Because of a problem with their Land Cruiser’s muffler, the drive was so loud they could barely hear each other talking. It was the best trip ever, they agree.
“I was more than smitten,” she says. “It was love.”
They hiked and went diving, slept in the car or tent and ate a lot of shakshuka. “Shakshukas with the red sand of central Australia,” he says.
He taught her the alefbet. She did a lot of the driving. They don’t remember ever fighting.
After the six months, they parted ways again.
“I needed to continue my own trip,” says Osher, who joined another ship in Japan and sailed to Korea, Singapore, across the Indian ocean and all the way back to Eilat. “I had been out of Israel for two years. And when I got home, I was done traveling.”
This time, they emailed, they called, they made plans and soon, with Osher home, Ashley was making her maiden voyage to Israel. “I said, ‘Come and see for a few months.’ I tried to reduce the pressure,” says Osher.
They lived in Ashkelon, near his mother. “It’s like being in tribe. Each of his parents has like ten siblings, and everyone has four to five kids,” she says. “You can imagine how hard it is to remember all their names, in Hebrew.”
Osher started a business degree and, as part of a course on social responsibility, got involved in Palestinian economic development and other co-existence projects. After graduating, he began working at the Portland Trust, a British non-profit foundation that promotes economic development as a way of engendering peace and stability between Palestinians and Israelis.
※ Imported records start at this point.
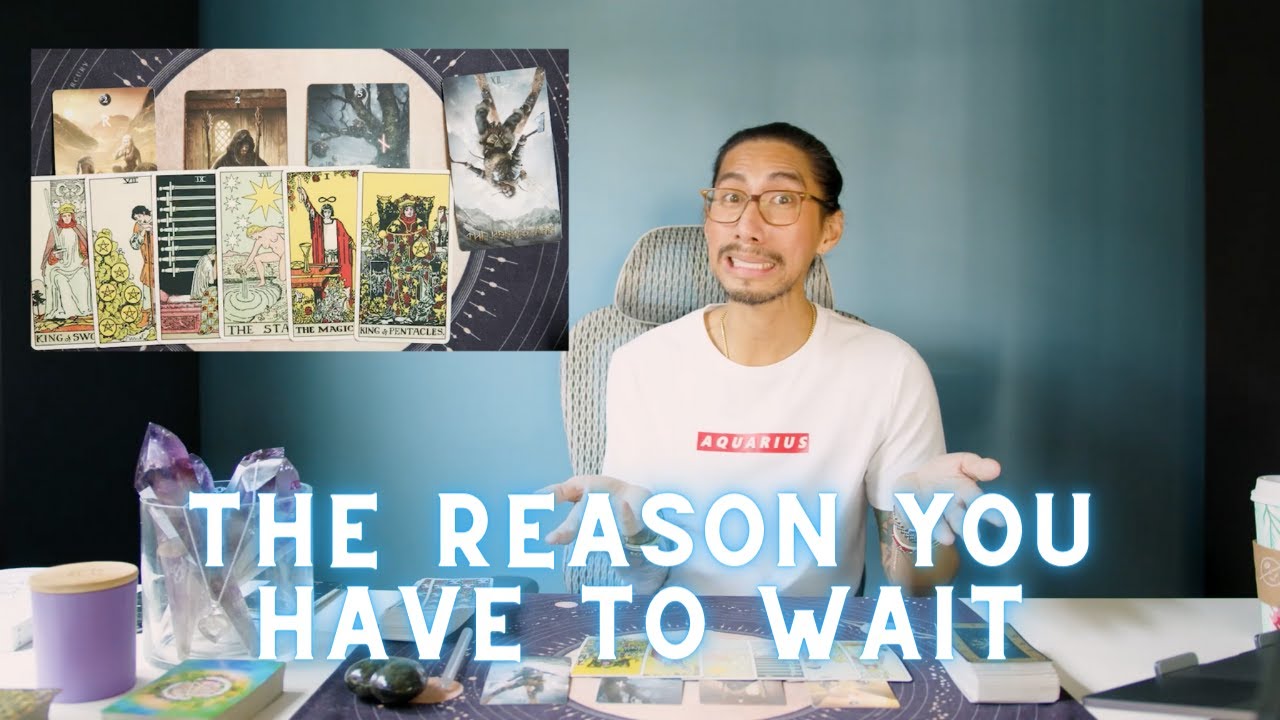 GEMINI | THE REASON YOU HAVE TO WAIT | NOVEMBER TAROT READING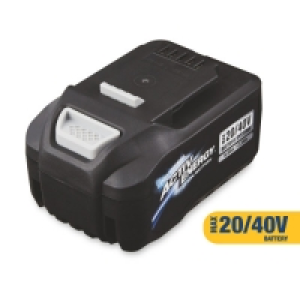 Activ Energy 20/40V Battery £30.00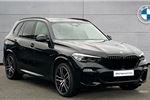 2021 BMW X5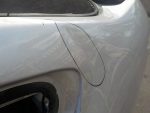 014391 Задняя часть кузова Nissan Almera G15 2013-2018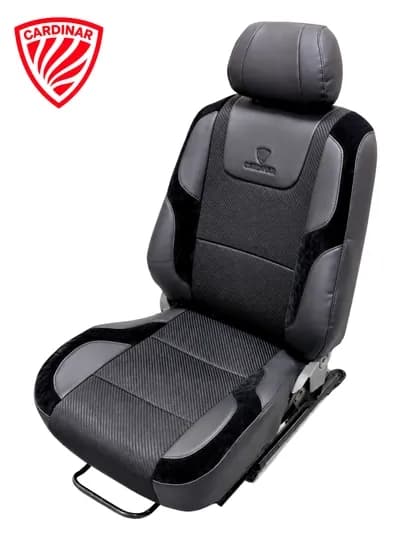 Автомобильные чехлы для сидений CARDINAR MATRIX, cobalt, nexia, gentra, onix, tracker, byd — CRDNR-MATRIX-NEXIA3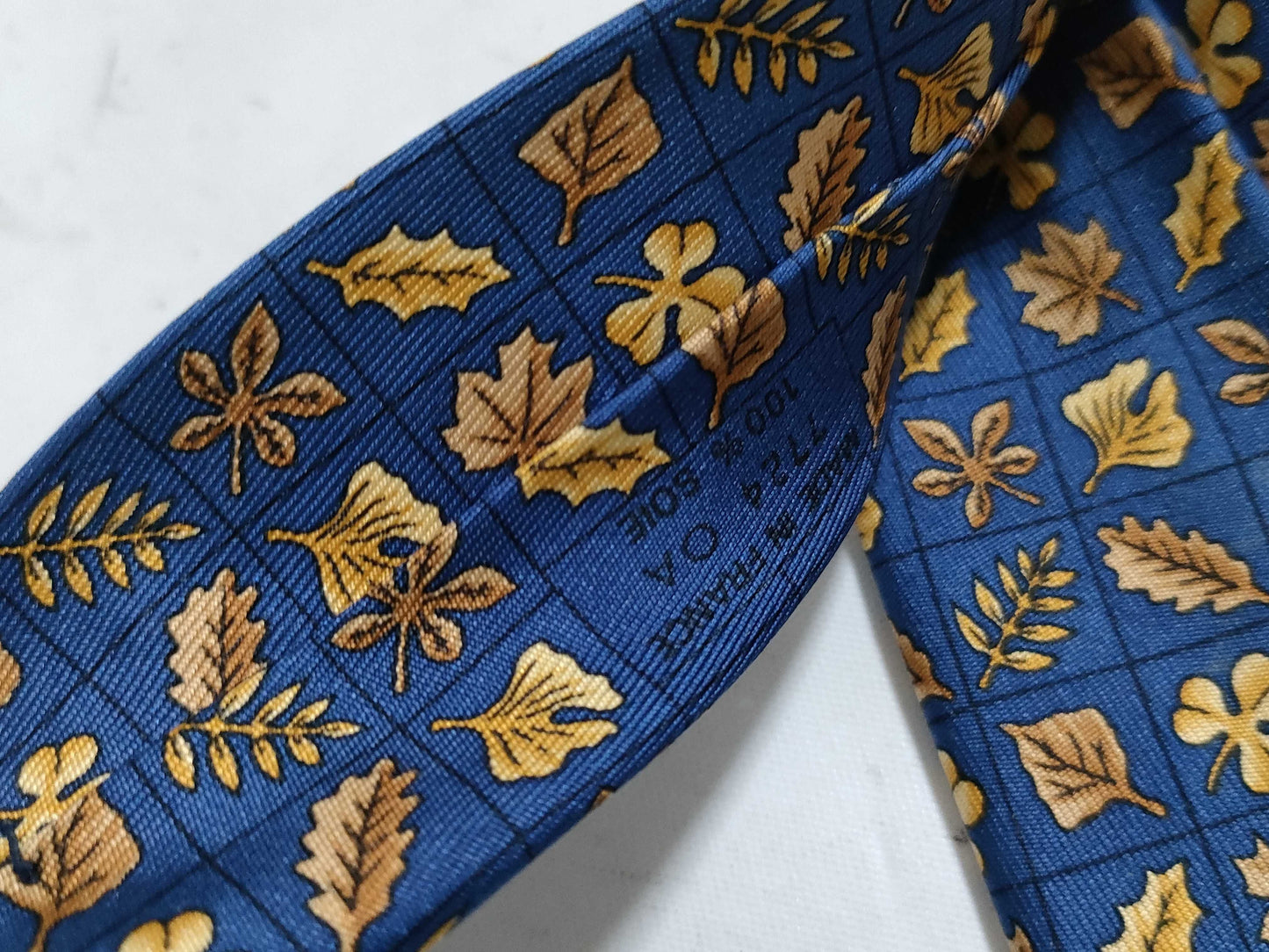 HERMES HERMES Tie Tie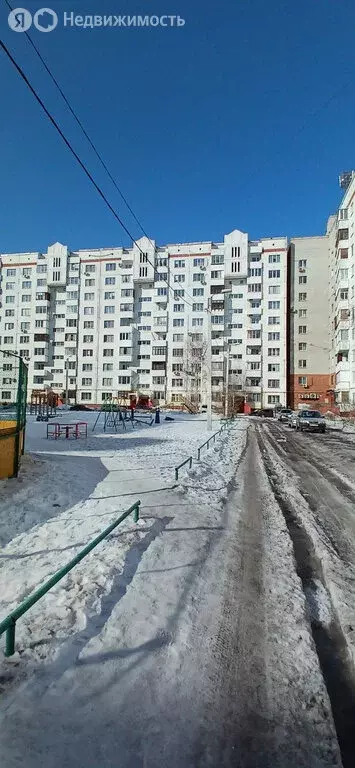 1-комнатная квартира: Омск, Краснознамённая улица, 26к3 (37.1 м) - Фото 1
Meanwhile, Ashley, after rising up the ranks in ulpan Hebrew-language classes, is doing some private tutoring, and plans to start a degree in psychology. “It’s not like going for the gold in the Olympics,” she admits. “But, it’s good anyway.
Happily Ever After
Last October, the couple went back to New Zealand to visit Ashley’s family. It was Osher’s birthday, and they went for a picnic in Flagstaff to celebrate. They had never much talked about marriage before.
“We know the facts. Both of our own parents are divorced,” says Ashley.
“We never felt any pressure,” says Osher.
“Except when your dad told me my womb was drying up,” notes Ashley with a grin.
But there, at the picnic, overlooking the water, Osher gave her a little box. Inside was a gold ring he had designed.
“Oh my God, really?” Ashley said.
Her mother, whom they went to meet afterwards, cried.
The two are getting married in May. Meanwhile, they have made their first big joint purchase: a small yacht called “Moose.”
And then they lived, as it always goes, happily ever after.